La crise humanitaire en République Démocratique du Congo (RDC) atteint un tournant critique. Le Cluster Sécurité Alimentaire vient de publier un rapport alarmant sur la situation alimentaire dans l’Est du pays, aggravée par les conflits armés et les déplacements massifs de population. Ce rapport, basé notamment sur une enquête du Programme Alimentaire Mondial (PAM), fournit des données accablantes : 75 % des personnes déplacées souffrent d’un score de consommation alimentaire insuffisant, témoignant d’une insécurité alimentaire extrême. Une hausse dramatique qui, en seulement deux mois, est passée de 13 % avant la prise de Goma par le M23 en décembre 2024, à 71 % en février 2025.
Les chiffres choquants ne s’arrêtent pas là. À Goma et dans ses alentours, les conditions des déplacés internes (PDI) varient peu selon leur situation : qu’ils soient restés dans des camps, hébergés dans des centres collectifs ou auprès de familles d’accueil, environ 72 % à 74 % expérimentent une alimentation insuffisante. Cette précarité frappe aussi les familles qui tentent de retourner dans leurs villages d’origine, où les moyens de subsistance ne sont plus accessibles. Privées de ressources, 80 % des déplacés ont perdu leurs stocks de nourriture, poussés à la mendicité pour survivre. Les enfants, souvent les plus vulnérables, paient un lourd tribut à cette crise.
Malheureusement, l’accès humanitaire reste un défi majeur. L’aéroport de Goma fermé, les combats étendus à la province du Sud-Kivu et l’état catastrophique des routes vers Bukavu entravent l’acheminement de l’aide humanitaire. Les ONG et agences internationales mettent également en lumière des problèmes bureaucratiques ralentissant leur déploiement, notamment des formalités douanières et des retards dans l’obtention des visas.

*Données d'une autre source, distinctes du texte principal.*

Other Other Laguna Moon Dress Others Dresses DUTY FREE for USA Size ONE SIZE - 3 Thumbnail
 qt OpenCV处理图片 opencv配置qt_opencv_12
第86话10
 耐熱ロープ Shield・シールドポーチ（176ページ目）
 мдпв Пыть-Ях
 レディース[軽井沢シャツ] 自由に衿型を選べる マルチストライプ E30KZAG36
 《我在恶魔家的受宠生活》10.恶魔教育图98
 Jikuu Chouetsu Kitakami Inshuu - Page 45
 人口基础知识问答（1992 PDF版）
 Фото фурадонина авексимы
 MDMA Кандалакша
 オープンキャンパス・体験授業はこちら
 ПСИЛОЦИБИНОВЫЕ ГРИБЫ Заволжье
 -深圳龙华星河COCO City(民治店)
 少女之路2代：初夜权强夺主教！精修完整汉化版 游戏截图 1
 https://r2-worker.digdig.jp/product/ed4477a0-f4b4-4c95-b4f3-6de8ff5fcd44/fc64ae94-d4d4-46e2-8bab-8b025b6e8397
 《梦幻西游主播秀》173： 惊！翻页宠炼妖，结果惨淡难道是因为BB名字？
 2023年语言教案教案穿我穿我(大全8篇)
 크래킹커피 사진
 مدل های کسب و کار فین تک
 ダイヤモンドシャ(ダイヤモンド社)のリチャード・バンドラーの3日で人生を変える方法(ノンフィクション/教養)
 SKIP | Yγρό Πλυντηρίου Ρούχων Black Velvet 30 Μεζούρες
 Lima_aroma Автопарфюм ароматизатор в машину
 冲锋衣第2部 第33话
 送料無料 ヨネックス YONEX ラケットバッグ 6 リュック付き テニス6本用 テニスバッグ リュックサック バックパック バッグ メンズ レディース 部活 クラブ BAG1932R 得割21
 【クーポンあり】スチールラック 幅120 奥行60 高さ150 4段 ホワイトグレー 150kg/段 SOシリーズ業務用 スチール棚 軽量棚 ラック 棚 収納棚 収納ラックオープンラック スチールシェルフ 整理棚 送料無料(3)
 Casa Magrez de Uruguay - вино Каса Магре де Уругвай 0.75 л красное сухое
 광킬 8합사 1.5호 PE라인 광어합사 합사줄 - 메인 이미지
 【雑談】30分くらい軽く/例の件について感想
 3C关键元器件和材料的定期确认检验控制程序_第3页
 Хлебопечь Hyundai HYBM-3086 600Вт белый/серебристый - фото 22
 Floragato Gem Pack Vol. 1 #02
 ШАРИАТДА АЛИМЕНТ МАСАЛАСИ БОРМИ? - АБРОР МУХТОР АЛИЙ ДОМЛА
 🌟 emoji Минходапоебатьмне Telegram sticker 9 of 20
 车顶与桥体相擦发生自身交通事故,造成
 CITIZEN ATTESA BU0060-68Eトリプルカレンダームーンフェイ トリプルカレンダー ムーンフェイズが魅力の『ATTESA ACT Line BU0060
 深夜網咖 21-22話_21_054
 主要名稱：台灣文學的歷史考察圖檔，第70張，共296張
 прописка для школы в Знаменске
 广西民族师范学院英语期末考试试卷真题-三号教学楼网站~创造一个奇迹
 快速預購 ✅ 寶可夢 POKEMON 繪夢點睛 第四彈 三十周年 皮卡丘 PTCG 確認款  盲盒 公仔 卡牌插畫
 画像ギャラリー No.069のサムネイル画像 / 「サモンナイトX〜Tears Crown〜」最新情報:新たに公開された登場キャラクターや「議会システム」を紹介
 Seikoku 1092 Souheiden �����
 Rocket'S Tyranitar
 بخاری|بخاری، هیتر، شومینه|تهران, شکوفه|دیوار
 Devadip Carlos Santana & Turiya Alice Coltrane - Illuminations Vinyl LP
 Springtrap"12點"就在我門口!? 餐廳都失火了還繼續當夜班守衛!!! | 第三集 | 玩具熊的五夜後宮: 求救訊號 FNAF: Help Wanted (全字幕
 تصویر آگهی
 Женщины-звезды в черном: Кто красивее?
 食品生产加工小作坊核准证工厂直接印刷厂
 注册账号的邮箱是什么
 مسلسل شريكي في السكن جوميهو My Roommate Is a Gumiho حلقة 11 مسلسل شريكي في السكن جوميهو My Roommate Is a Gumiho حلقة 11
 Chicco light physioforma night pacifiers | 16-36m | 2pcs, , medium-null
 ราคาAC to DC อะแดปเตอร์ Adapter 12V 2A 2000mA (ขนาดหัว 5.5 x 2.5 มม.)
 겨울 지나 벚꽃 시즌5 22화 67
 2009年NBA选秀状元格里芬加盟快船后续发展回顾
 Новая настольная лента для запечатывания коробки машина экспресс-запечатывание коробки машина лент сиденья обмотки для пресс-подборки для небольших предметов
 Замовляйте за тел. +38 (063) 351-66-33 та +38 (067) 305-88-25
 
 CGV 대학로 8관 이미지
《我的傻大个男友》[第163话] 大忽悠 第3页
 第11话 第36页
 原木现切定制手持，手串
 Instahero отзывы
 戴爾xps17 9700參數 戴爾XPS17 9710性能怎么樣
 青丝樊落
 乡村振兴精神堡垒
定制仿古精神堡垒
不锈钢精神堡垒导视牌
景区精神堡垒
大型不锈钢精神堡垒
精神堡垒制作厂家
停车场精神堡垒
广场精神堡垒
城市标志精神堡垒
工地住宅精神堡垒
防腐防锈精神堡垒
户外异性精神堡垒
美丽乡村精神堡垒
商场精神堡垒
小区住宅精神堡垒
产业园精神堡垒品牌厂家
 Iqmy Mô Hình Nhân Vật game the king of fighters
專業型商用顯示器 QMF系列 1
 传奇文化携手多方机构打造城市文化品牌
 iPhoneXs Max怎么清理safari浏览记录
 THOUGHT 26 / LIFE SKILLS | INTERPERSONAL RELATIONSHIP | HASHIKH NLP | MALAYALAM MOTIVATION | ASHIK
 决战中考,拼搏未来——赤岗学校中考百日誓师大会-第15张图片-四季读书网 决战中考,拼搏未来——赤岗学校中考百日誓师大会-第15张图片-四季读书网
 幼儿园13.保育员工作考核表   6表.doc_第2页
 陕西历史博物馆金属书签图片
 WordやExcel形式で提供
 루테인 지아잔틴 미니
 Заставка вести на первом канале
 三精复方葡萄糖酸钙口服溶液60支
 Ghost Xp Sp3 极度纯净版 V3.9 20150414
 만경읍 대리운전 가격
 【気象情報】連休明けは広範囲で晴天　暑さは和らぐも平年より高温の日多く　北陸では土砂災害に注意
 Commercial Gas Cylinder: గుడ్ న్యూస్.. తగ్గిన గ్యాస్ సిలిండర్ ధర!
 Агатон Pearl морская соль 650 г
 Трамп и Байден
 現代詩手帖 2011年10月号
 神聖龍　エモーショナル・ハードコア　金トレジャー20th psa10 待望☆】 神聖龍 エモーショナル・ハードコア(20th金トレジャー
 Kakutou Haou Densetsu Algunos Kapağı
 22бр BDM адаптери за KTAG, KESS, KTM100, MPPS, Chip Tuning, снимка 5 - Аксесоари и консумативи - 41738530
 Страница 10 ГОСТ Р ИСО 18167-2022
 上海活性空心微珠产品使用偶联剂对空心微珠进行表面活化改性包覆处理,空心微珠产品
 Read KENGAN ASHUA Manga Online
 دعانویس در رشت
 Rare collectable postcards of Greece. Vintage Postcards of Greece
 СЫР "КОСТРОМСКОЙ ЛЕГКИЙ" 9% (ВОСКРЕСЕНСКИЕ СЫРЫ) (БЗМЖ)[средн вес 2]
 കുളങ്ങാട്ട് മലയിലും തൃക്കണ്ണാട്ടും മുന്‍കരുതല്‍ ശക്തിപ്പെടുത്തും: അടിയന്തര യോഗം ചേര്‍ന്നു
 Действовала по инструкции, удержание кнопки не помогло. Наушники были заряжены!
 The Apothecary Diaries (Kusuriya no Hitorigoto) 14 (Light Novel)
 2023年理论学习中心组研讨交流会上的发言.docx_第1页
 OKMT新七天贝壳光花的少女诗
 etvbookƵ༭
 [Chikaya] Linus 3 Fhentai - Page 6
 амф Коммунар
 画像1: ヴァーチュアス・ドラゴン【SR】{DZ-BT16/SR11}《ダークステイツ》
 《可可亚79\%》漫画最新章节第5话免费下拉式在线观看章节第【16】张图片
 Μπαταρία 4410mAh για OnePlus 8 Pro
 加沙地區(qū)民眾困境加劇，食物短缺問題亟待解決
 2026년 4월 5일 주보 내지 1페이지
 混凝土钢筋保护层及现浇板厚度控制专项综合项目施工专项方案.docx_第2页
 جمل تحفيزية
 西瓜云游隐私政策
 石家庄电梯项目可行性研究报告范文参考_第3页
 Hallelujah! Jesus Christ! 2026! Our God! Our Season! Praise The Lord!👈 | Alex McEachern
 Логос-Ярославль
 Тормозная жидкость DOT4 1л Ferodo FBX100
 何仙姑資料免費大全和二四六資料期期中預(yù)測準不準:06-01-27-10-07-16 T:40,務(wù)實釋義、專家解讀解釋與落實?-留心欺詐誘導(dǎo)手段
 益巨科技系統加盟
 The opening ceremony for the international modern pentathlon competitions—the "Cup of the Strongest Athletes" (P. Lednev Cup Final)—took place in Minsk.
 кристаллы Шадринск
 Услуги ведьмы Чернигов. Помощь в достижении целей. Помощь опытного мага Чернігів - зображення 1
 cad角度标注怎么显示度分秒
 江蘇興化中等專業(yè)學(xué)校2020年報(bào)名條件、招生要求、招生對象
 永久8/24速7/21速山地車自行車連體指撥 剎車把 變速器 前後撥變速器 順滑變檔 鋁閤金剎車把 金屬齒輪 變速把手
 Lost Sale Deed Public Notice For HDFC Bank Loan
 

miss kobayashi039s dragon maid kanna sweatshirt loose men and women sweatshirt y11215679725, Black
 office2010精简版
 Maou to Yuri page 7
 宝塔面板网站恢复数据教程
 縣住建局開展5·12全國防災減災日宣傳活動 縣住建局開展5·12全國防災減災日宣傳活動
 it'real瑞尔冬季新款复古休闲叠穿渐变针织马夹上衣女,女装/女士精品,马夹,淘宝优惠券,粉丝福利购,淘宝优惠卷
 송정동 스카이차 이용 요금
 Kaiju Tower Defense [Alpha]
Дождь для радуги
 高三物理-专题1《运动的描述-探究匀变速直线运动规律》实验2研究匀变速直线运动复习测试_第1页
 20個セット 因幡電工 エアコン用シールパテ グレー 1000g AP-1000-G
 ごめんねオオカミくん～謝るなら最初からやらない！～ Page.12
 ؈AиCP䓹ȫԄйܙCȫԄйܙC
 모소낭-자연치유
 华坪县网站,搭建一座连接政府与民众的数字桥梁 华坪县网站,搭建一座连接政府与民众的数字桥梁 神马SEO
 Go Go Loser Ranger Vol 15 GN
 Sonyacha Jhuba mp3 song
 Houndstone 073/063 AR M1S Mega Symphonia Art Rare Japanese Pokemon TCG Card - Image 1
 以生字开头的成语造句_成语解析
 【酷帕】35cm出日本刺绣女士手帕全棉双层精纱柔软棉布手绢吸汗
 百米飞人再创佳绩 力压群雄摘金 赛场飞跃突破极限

Le contexte difficile pousse les PDI et les familles à adopter des stratégies désespérées. Une étude réalisée par Caritas à Bukavu révèle que nombre de familles sautent des repas ou restent des journées entières sans manger. Les stocks des familles d’accueil, déjà fragilisées par la situation, ne suffisent plus à répondre à la demande croissante.
La crise actuelle creuse les répercussions d’une insécurité chronique. En 2024, 25,6 millions de Congolais étaient déjà en insécurité alimentaire aiguë, avec 3,1 millions atteignant la Phase 4 du cadre IPC, une situation qualifiée d’urgence alimentaire. L’escalade des violences en janvier 2025, notamment dans les territoires de Goma, Nyiragongo et Masisi, a entraîné un nouveau déplacement de plus de 700 000 personnes vers les abords de Goma, et vers des zones plus éloignées comme Bukavu, Uvira ou même le Burundi qui accueille désormais plus de 42 000 demandeurs d’asile congolais.
Face à cette situation critique, les infrastructures de base, telles que l’eau potable, l’assainissement et les services de santé, sont gravement endommagées, rendant la gestion de cette crise encore plus complexe. Les ONG et agences internationales appellent à une réponse urgente et massive. Un renforcement immédiat de l’aide humanitaire est indispensable pour éviter une catastrophe alimentaire de large envergure en RDC.
À l’heure où le monde observe des crises humanitaires d’une ampleur sans précédent, la situation dans l’Est du Congo rappelle la nécessité d’une solidarité internationale accrue et d’un soutien effectif aux populations les plus vulnérables. Cette crise met en lumière l’urgence d’agir pour éviter une détérioration irréversible de la santé et des moyens de subsistance des millions de Congolais affectés.